A scientist in China claimed he has created the world’s first gene-edited babies.
He Jiankui, a researcher at the Southern University of Science and Technology of China in Shenzhen, said he has successfully used the gene-editing tool CRISPR-cas9 to alter the DNA of twin baby girls, giving them the ability to resist potential HIV infections, according to The Associated Press.
“I feel a strong responsibility that it’s not just to make a first, but also make it an example,” He told the AP, adding it’s up to politicians to “decide what to do next” with the technology he’s reportedly perfected.
It should be noted, of course, that He’s claim has not been independently confirmed, nor has it been documented in any sort of medical journal, which would require the scientist’s findings to be peer-reviewed.
He’s alleged technological advancement was met with quite a bit of criticism.
One gene-editing expert from the University of Pennsylvania, Dr. Kiran Musunuru, described He’s work as “unconscionable” and “an experiment on human beings that is not morally or ethically defensible,” The Guardian reported.
Musunuru told the AP that “no babies should be born at this point in time following the use of this technology” because it’s “simply too early, too premature.”

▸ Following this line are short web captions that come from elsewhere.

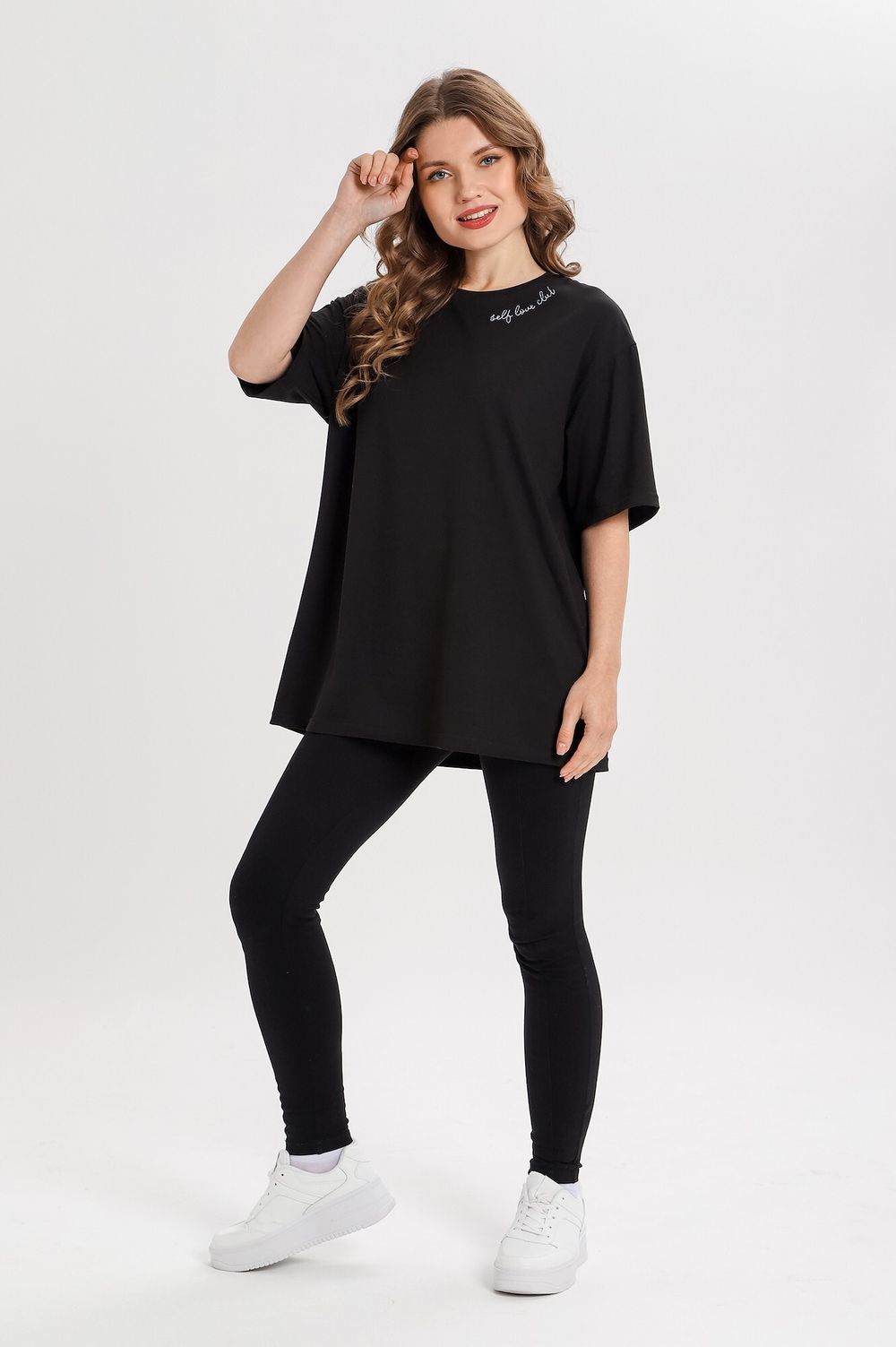 Футболка Фактор Виотекс ЧЁРНЫЙ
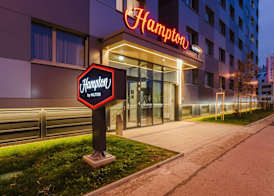 Hampton By Hilton Vienna City West 3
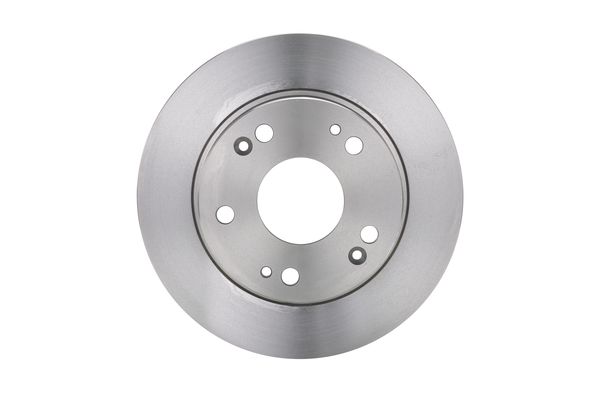 FREN DİSKİ ACCORD 03-08 / CIVIC 02-07 TYPE-R / ARKA DÜZ 260-5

Julian Savulescu, a professor of practical ethics at the University of Oxford, called the experiment “monstrous,” arguing it is not known what side effects could result from such genetic tampering. The practice, he explained, is “still associated with off-target mutations, capable of causing genetic problems early and later in life, including the development of cancer.”

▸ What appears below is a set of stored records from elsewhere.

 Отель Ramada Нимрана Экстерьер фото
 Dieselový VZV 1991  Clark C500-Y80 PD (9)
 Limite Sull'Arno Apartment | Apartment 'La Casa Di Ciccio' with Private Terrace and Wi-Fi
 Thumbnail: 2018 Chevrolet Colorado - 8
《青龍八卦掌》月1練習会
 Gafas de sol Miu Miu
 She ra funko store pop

As far as He using the gene-editing technique to supposedly embed within embryos the ability to fight HIV, Savulescu said, “There are many effective ways to prevent HIV in healthy individuals: for example, protected sex. And there are effective treatments if one does contract it.”
“This experiment exposes healthy, normal children to risks of gene-editing for no real necessary benefit,” he continued. “In many other places in the world, this would be illegal punishable by imprisonment.”
He claims he has altered embryos for seven couples during their fertility treatments. The researcher said he practiced editing on mice, a monkey and human embryos in the lab for several years before applying the methods in real life.